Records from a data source
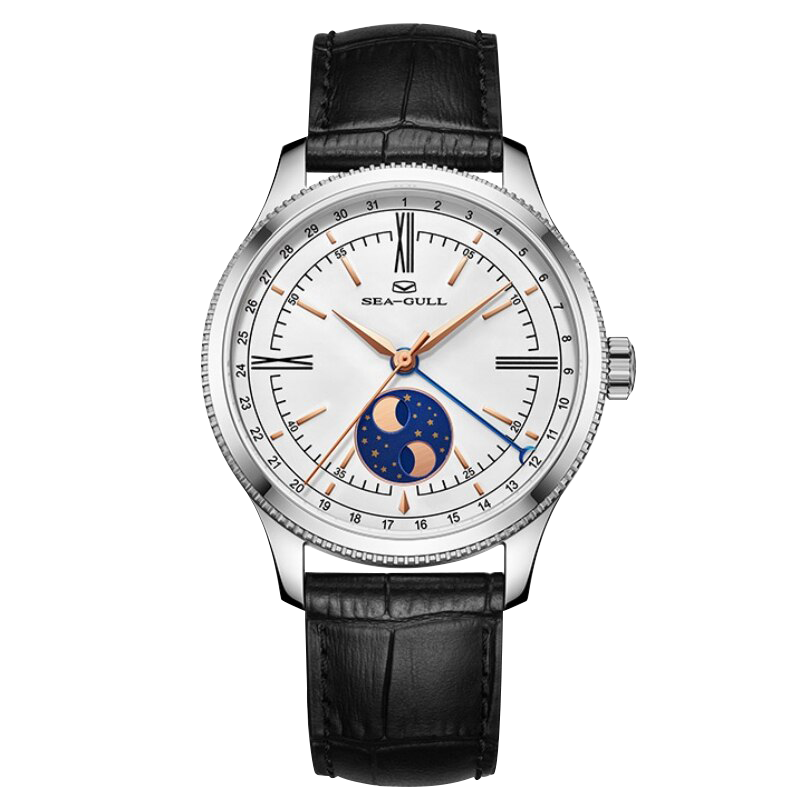 Seagull Moon Phase Calendar Business Men's Mechanical Watch 6170
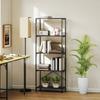5 Tier Bookshelf Industrial Bookcase With Metal Frame Dark Grey And Black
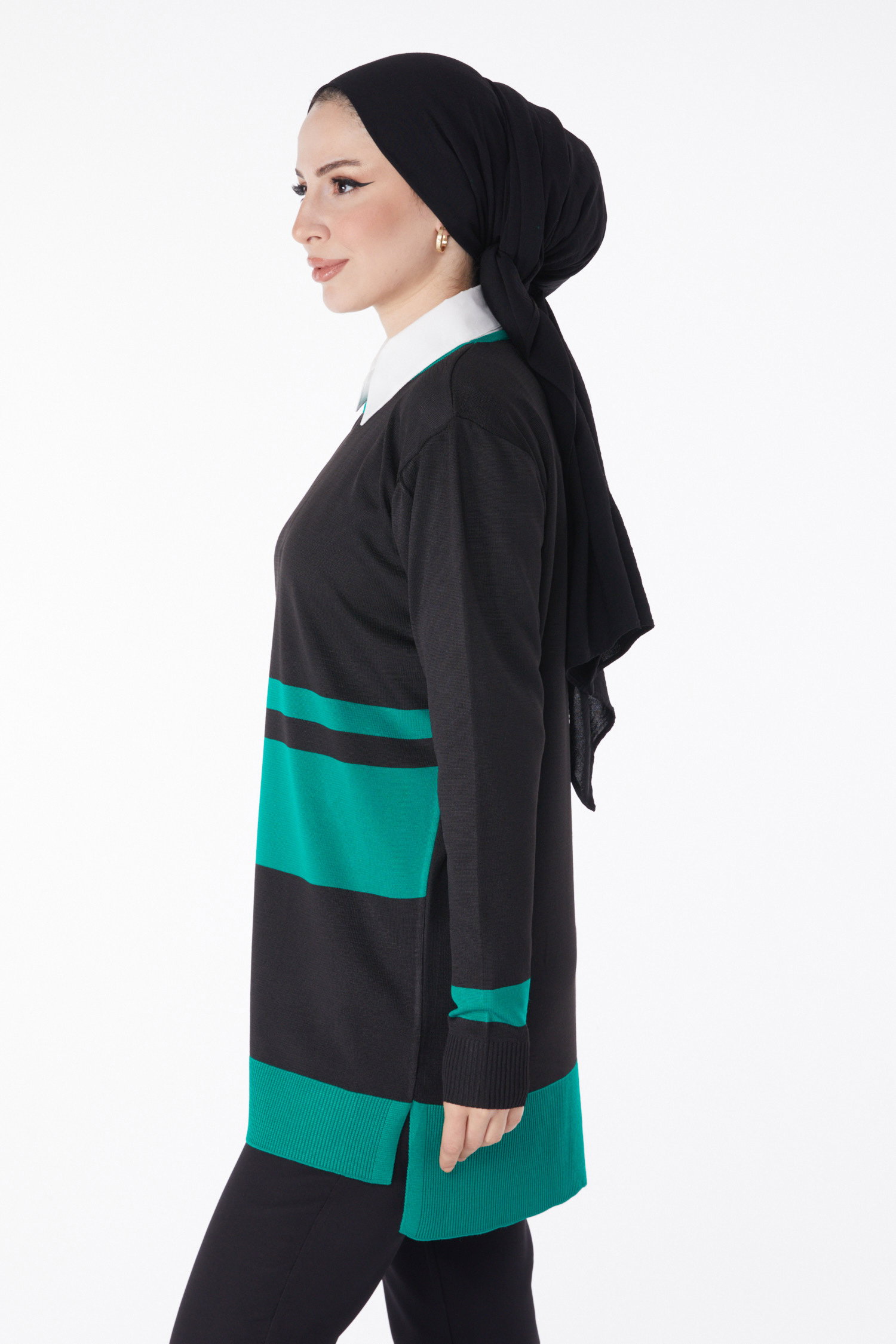 Düz Bisiklet Yaka Kadın Yesil Parçalı Triko Tunik - 25239 - 4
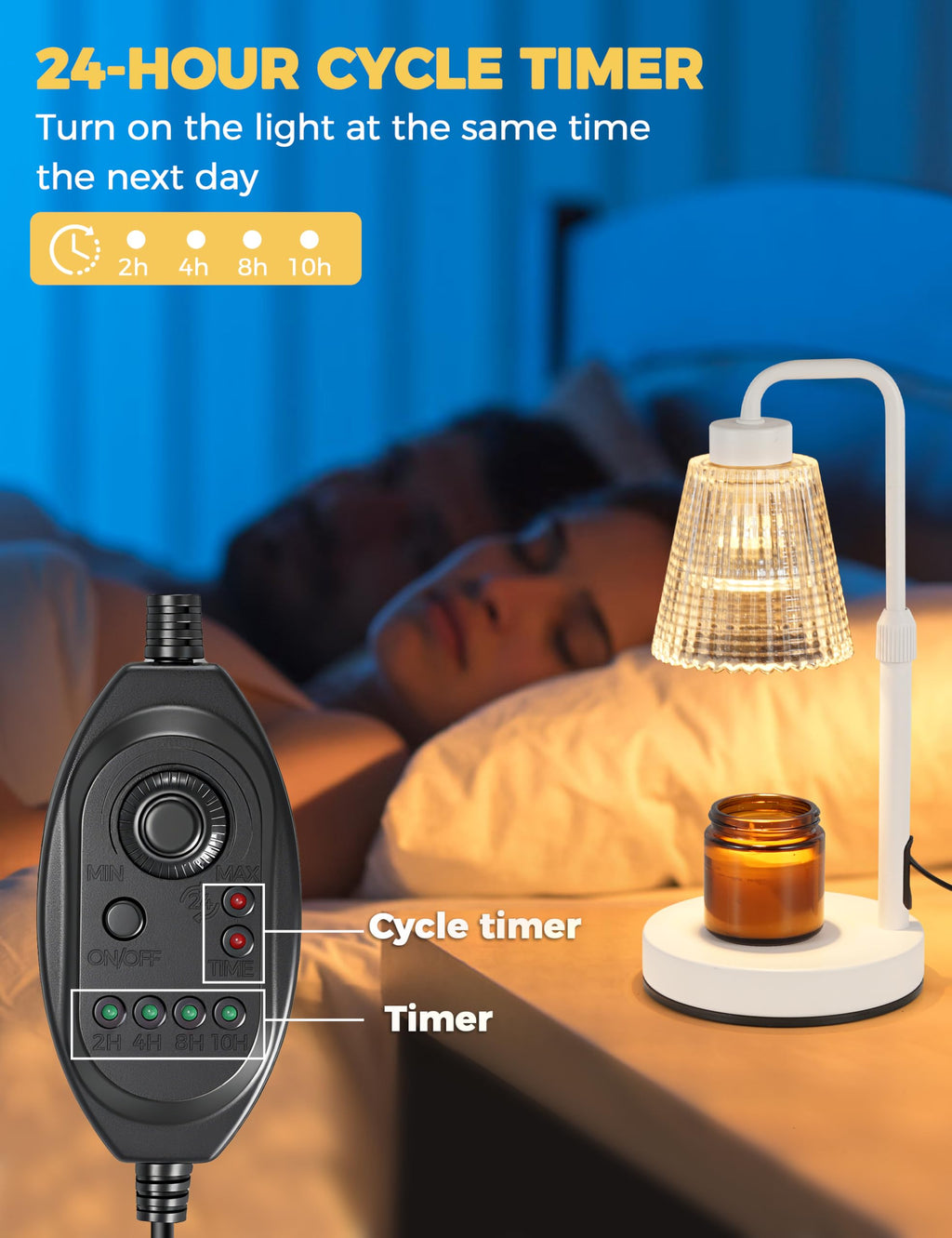 Candle Warmer Lamp with Timer Dimmable. Wax Melt Warmer for Jar Candles with 2 Bulbs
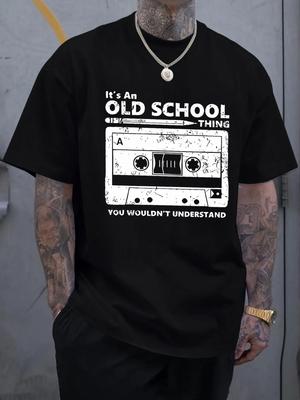 Mens Printed TShirt 100 Cotton Vintage Style Sportive Casual LooseFitting Comfortable TShirt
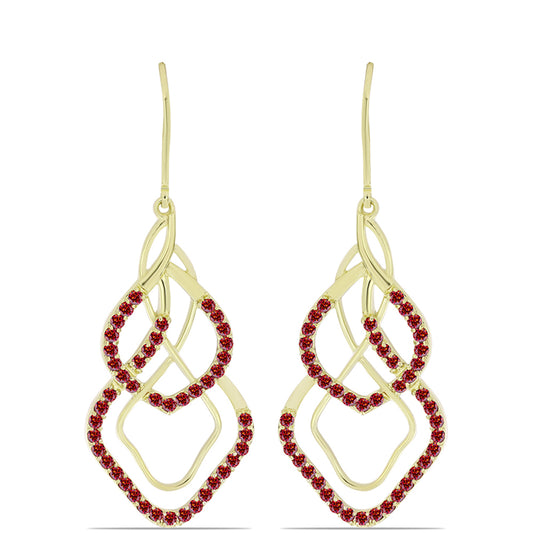 Pozlátené Strieborné Náušnice s Majestátnym červeným moissanitom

Work item
Write out each entry exactly, images excluded.

Exercise output
 Seagull Moon Phase Calendar Business Men's Mechanical Watch 6170
5 Tier Bookshelf Industrial Bookcase With Metal Frame Dark Grey And Black
 Düz Bisiklet Yaka Kadın Yesil Parçalı Triko Tunik - 25239 - 4
 Candle Warmer Lamp with Timer Dimmable. Wax Melt Warmer for Jar Candles with 2 Bulbs
 Mens Printed TShirt 100 Cotton Vintage Style Sportive Casual LooseFitting Comfortable TShirt
 Pozlátené Strieborné Náušnice s Majestátnym červeným moissanitom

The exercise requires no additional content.